Problem description -> Reproduce, exactly and in full, the lines from the one with "Class 8 NCERT" through the one with "Keep your team" in the data below; drop pictures.

Records for processing ->
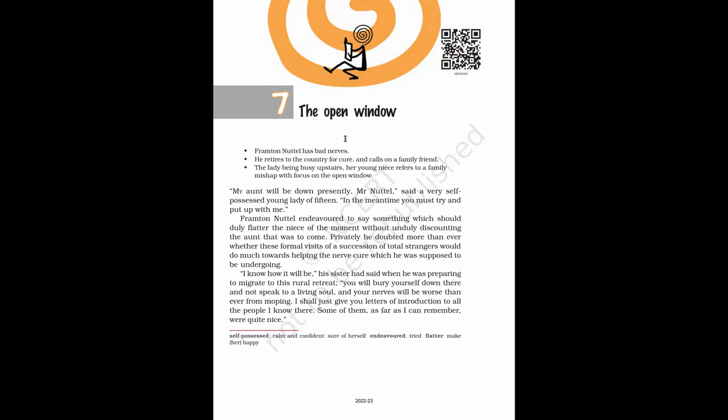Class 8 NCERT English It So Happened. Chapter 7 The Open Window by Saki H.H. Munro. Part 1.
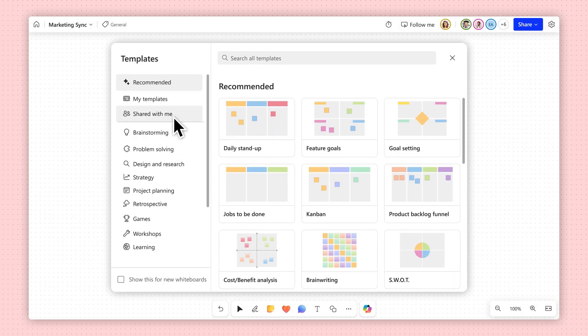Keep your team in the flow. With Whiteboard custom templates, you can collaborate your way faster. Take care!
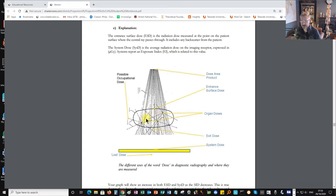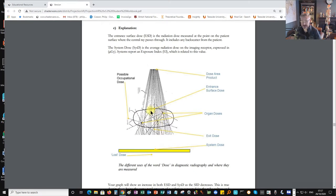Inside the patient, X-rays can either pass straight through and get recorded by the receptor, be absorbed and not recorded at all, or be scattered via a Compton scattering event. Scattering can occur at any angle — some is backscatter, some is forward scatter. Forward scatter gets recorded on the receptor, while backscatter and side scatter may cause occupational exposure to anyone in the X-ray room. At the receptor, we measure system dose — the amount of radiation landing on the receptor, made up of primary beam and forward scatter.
...
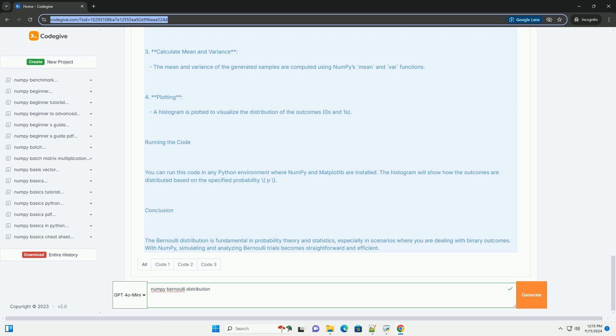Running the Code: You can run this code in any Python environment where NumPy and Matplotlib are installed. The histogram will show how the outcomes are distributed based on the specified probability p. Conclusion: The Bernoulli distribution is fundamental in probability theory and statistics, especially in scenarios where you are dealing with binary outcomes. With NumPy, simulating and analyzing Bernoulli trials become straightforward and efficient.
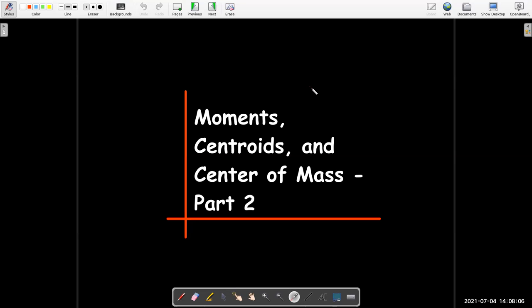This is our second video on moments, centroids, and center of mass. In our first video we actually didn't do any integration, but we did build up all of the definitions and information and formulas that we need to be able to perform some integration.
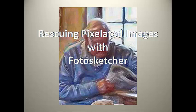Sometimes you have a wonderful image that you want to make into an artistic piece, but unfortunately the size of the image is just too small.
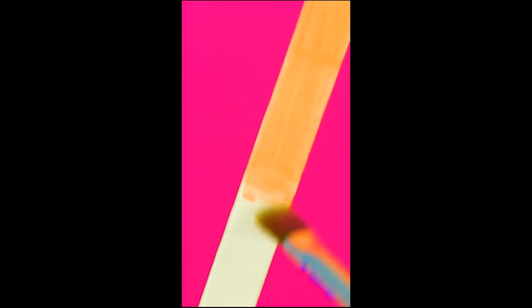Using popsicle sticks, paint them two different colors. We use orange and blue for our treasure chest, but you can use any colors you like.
...
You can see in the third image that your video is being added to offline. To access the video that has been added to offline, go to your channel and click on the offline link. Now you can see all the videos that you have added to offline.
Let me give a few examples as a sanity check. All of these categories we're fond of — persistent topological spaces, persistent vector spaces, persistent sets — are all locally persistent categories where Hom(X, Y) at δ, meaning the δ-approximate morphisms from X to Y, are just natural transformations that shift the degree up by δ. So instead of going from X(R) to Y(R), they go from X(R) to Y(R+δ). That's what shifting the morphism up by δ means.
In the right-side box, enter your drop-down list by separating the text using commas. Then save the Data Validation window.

Task result ->
Class 8 NCERT English It So Happened. Chapter 7 The Open Window by Saki H.H. Munro. Part 1.
Keep your team in the flow. With Whiteboard custom templates, you can collaborate your way faster. Take care!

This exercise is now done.